Saturday, September 6, 2008

Analysis of the Increase and Decrease Algoorithms for Congestion Avoidance in Computer Networks

An abstract setting where there are multiple nodes competing for a single resource is considered. The total resource requirement is the sum of each nodes' requirement. The goal is to control the amount of requirements of each node by providing a binary feedback indicating the load of the resource so that the resource is utilized efficiently (meaning the system operates near its "knee"), fairly (meaning the resource capacity is equally divided among nodes), and without having to provide the details to the nodes beyond the binary feedback.

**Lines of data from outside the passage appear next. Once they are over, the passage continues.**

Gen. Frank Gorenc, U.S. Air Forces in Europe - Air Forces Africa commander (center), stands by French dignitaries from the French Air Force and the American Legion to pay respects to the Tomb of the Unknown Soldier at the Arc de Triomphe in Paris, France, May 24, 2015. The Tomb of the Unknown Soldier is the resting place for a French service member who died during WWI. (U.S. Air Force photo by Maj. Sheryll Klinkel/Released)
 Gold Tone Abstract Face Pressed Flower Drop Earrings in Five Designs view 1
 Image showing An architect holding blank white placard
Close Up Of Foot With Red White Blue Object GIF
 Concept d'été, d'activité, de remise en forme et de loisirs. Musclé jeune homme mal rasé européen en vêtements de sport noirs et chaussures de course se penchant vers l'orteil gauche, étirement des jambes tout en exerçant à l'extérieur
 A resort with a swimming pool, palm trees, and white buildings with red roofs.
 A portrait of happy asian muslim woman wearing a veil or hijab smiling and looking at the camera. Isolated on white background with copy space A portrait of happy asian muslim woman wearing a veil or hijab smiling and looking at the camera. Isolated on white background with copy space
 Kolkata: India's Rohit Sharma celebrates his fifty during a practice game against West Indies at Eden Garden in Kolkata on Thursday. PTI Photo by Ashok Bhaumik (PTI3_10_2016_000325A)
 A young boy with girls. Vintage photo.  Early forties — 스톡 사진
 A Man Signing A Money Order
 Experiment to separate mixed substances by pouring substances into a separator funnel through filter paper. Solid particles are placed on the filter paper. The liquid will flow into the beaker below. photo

The first control method proposed is a linear control where the state equation is linear. The state equation used in each time slice is determined by the feedback signal. When an increase is requested, by using an additive control the efficiency can be improved while the fairness stays the same. When a decrease is requested, by using a multiplicative control, the efficiency and fairness can be improved. It is ideal to simultaneously minimize the time to convergence and overshoot but the reality is that these do not move in the same direction with respect to the control levers. This is a result somewhat expected since taking big steps ensure a rapid approach to the goal but results in a large scale of oscillation. The paper finishes with a non-linear control alternative and states some practical issues.

This paper restricted its attention to a simple confined setting which helps to convey the important ideas. The overall approach was very reasonable and well explained. I did notice something that was wrong: p.12 the time to reach the goal. The top part should be when 0 < b, b \neq 1 and the bottom part b=1, not b=0. I am curious about whether such mechanism is currently implemented in today's Internet. Since the nodes in this papers would represent the routers, are routers able to adjust the rate at which packets are sent out? A more realistic model would involve resources forming a network structure. This would have the added complexity of having the resource capacity itself being controlled according to the feedback provided by the resource it is using.